Toronto-Dominion -- the Canadian bank known for fat net interest margins, the difference between what a bank charges for loans and pays for deposits -- saw them narrow on both sides of the border in the fiscal third quarter, with a decline of 11 basis points from the previous three months at its U.S. retail division and a 3 basis point drop at its domestic personal and commercial bank.

“Interest rates in the U.S. have been declining, and so we see a little bit of a decline due to the interest rate environment,” Chief Financial Officer Riaz Ahmed said Thursday in a phone interview.

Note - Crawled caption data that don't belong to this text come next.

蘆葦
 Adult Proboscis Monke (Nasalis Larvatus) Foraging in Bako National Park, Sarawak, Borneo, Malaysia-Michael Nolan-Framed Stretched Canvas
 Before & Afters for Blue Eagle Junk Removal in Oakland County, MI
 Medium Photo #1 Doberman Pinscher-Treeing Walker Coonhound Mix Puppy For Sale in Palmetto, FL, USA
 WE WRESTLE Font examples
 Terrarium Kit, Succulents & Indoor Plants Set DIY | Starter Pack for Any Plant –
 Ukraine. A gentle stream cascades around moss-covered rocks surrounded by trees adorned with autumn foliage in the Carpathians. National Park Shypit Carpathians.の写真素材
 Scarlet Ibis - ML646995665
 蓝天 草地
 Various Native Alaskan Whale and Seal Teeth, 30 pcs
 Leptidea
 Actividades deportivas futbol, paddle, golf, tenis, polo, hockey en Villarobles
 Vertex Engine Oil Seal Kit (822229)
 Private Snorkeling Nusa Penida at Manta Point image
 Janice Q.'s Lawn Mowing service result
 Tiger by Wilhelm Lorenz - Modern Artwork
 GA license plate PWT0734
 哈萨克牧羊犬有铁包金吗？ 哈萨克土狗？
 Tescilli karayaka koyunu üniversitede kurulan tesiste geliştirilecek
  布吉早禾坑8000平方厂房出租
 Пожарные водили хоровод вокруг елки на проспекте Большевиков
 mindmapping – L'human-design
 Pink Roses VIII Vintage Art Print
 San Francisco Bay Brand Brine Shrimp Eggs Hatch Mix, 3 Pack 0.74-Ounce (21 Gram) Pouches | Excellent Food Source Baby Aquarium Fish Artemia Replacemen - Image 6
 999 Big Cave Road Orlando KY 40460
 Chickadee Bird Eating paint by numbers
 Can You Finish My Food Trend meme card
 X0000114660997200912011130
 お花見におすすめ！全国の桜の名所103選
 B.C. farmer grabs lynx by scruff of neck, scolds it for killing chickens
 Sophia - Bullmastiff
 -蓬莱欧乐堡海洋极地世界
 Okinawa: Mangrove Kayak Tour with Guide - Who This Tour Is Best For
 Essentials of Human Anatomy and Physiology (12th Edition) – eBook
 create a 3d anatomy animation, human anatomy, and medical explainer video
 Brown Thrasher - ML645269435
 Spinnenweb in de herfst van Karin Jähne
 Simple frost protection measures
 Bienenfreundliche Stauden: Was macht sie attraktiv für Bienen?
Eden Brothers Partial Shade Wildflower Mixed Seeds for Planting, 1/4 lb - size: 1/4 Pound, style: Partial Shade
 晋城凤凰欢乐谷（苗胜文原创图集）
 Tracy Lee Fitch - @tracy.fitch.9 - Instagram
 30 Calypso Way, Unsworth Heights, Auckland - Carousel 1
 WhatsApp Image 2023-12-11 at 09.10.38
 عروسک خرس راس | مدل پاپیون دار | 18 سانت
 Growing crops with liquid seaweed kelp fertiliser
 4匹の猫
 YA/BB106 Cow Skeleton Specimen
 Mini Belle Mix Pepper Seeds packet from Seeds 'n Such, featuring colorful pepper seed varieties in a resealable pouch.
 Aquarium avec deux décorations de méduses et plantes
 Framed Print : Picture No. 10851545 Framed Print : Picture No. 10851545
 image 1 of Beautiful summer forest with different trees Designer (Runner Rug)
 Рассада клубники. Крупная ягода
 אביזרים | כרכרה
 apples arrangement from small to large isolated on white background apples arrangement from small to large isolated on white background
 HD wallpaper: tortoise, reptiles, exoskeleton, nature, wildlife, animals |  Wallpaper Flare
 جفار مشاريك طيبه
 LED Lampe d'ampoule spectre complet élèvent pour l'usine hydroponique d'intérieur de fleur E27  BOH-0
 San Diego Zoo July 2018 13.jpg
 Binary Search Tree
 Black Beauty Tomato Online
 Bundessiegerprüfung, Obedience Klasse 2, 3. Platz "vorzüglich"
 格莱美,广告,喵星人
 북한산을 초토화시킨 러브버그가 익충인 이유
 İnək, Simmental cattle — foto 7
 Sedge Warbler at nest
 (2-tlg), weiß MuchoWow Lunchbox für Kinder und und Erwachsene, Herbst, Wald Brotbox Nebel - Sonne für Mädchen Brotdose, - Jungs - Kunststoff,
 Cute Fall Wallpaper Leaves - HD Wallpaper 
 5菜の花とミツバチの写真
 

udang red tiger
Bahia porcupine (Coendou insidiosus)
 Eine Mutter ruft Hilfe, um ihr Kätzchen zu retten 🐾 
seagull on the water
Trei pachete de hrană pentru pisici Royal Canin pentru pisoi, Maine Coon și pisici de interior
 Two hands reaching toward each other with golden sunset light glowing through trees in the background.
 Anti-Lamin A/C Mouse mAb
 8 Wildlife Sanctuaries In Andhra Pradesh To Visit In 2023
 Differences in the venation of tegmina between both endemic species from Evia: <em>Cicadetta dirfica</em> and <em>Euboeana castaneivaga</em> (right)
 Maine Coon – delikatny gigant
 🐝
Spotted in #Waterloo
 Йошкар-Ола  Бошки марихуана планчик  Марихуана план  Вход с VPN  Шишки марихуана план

There are “also some effects of our balance sheet mix as we continue to originate deposits and the reinvestment opportunities are at lower returns.”

While Canada’s second-largest lender typically benefits from the widest domestic net interest margins among its peers, the advantage may be dissipating. Margins in the Canadian personal-and-commercial division dropped to 2.84 per cent, while its U.S. margin shrunk to 3.27 per cent, the lowest since the second quarter of 2018.

Still, Toronto-Dominion Bank posted record profit in the quarter ended July 31, with new benchmarks in both its Canadian and U.S. retail operations, though earnings missed analysts’ expectations. Overall net income rose 4.6 per cent to $3.25 billion, or $1.74 a share, and adjusted earnings of $1.79 a share were less than the $1.80 average estimate of 13 analysts in a Bloomberg survey.

“Overall, the results came in slightly below expectations despite a strong trading quarter that reminds us of the volatility of this line for this bank,” CIBC Capital Markets analyst Robert Sedran said in a note. “The strain from the lower interest rate environment was evident as it was for other banks this quarter.”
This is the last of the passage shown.